Maryland's two-week modern firearms deer season begins Saturday and continues though Dec. 9, and another record-setting hunt is expected. Unfortunately, many hunters will miss their chance at bagging a whitetail this year simply because their rifles and shotguns will be incorrectly sighted.

Anne Arundel County deer hunters are not allowed to use rifles during the hunt because of residential safety concerns. In fact, half of Maryland's counties, including all of Southern Maryland and Baltimore, Harford and Howard counties prohibit the use of rifles during the modern firearms deer season.

At one time I looked upon such laws as a serious handicap to successful deer hunting because shotgun slugs fired from traditional smoothbore barrels were woefully inaccurate much beyond 25 yards. Luckily, slug use has changed dramatically thanks to rifled shotgun barrels and choke tubes and sabot-type slugs.

The rifling in a barrel imparts spin on a bullet or slug, which in turn allows accurate placement of the projectile on a target.
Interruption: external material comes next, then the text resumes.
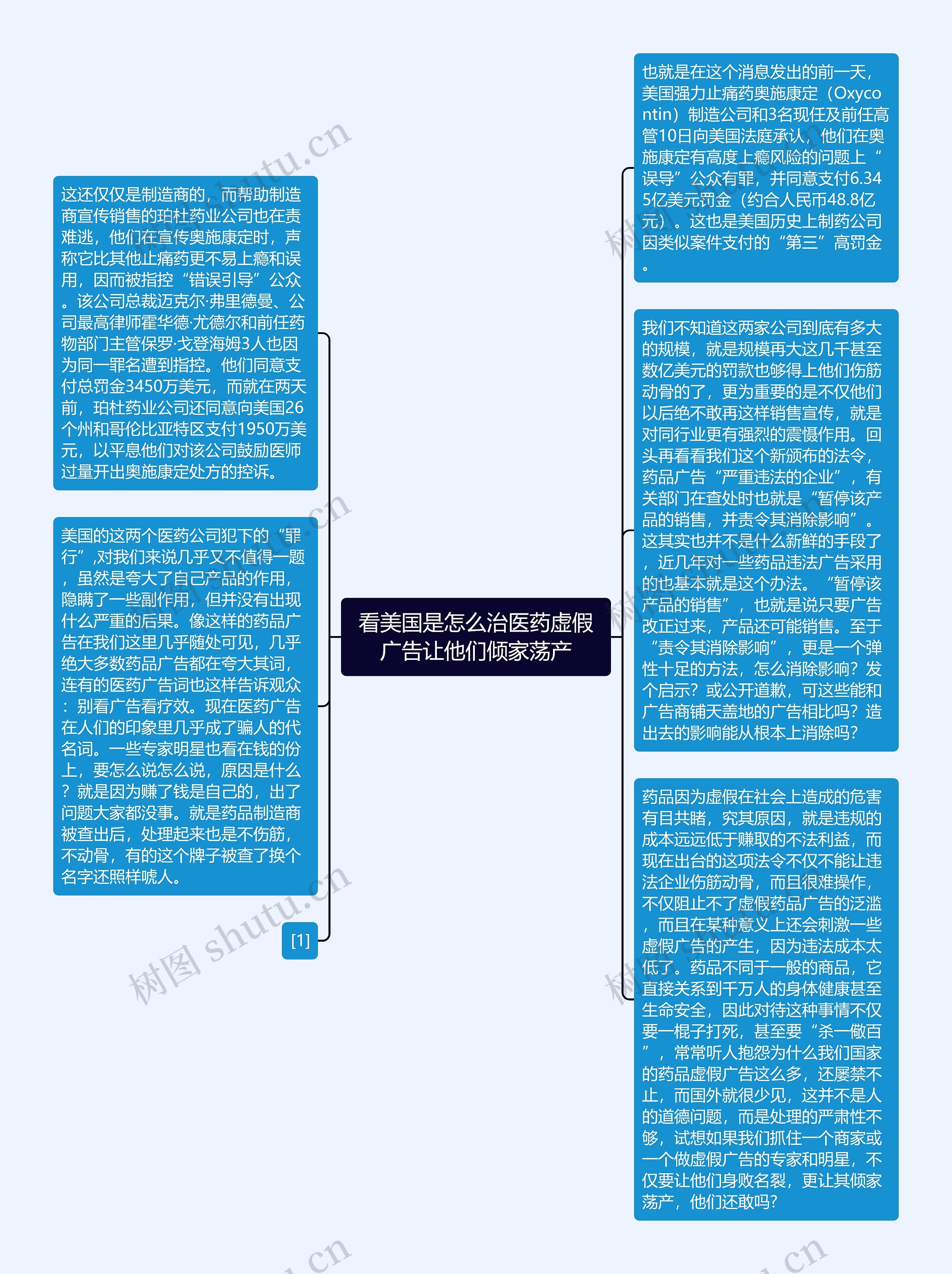 看美国是怎么治医药虚假广告让他们倾家荡产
Rifle bullets are just big enough to allow the rifling to cut into them, thus ensuring a tight barrel fit and high level of accuracy. The old, traditional Foster-type slug was, for safety reasons, slightly smaller in diameter than the internal dimensions of shotgun barrels. In practice, they resembled loose-fitting bowling balls rattling down the barrel. Where they went after exiting the muzzle was more a matter of luck than marksmanship.

Modern sabot slugs are slightly lighter in weight than the old Foster slugs and shaped better ballistically. The slugs are encased in a sheath of plastic to form a tight barrel fit and perfect gas seal when fired. The plastic sheath falls to the ground a few feet beyond the muzzle of the shotgun. The end result is higher velocity, flatter trajectory and greatly enhanced accuracy. Instead of a 25- to 50-yard deer gun, we now have one capable of hunting accuracy to a full 100 yards or better.
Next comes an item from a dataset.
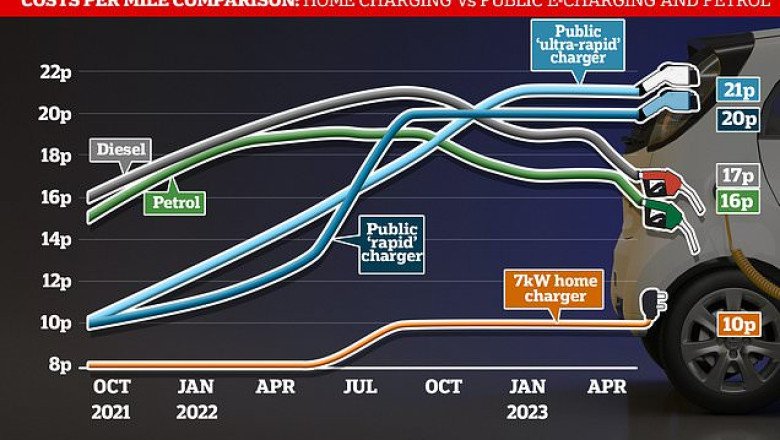 Electric car charging can now be MORE expensive than filling up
To sight your modern modern shooting shotgun correctly, begin by laying the forearm (not the barrel) on a firm rest such as a sandbag or tightly rolled jacket. Shoot from a bench rest, if

possible or, at the least, while laying prone. Always shoot into a high bank or other safe backstop. Many private shooting clubs open their facilities to the public for sighting-in and you should take advantage of one in your area.

Sight the gun to hit 3 inches above a 50-yard aiming point. Your slug now will hit 1 inch high at 25 yards, be dead on at 75 yards and, depending on the load you use, 1 to 3 inches low at 100 yards.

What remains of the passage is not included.